Exercise requirements
For each line in the records that contains "sale", make a copy.

Extracted data entries
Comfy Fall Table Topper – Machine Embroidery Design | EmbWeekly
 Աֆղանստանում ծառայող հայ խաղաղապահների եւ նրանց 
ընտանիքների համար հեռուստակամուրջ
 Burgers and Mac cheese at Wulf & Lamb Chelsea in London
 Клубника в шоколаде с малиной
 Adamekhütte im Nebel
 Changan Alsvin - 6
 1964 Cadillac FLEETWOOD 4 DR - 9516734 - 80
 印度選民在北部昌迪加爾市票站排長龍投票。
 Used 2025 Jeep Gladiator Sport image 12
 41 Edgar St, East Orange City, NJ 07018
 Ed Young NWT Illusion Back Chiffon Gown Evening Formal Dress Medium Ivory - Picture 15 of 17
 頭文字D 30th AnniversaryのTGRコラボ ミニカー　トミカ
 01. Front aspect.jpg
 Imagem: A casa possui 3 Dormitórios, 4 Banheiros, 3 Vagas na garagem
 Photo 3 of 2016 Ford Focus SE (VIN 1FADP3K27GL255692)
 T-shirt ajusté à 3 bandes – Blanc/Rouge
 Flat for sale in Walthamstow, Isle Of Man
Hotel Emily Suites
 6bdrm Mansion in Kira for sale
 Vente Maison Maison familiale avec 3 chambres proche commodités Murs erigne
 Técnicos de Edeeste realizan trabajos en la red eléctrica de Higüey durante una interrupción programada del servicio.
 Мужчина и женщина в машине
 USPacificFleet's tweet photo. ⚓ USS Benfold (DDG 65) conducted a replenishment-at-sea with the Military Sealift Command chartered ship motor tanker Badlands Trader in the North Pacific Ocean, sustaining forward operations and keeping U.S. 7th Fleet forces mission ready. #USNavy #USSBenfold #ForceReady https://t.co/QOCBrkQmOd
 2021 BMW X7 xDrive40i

Exercise answer
 Flat for sale in Walthamstow, Isle Of Man
 6bdrm Mansion in Kira for sale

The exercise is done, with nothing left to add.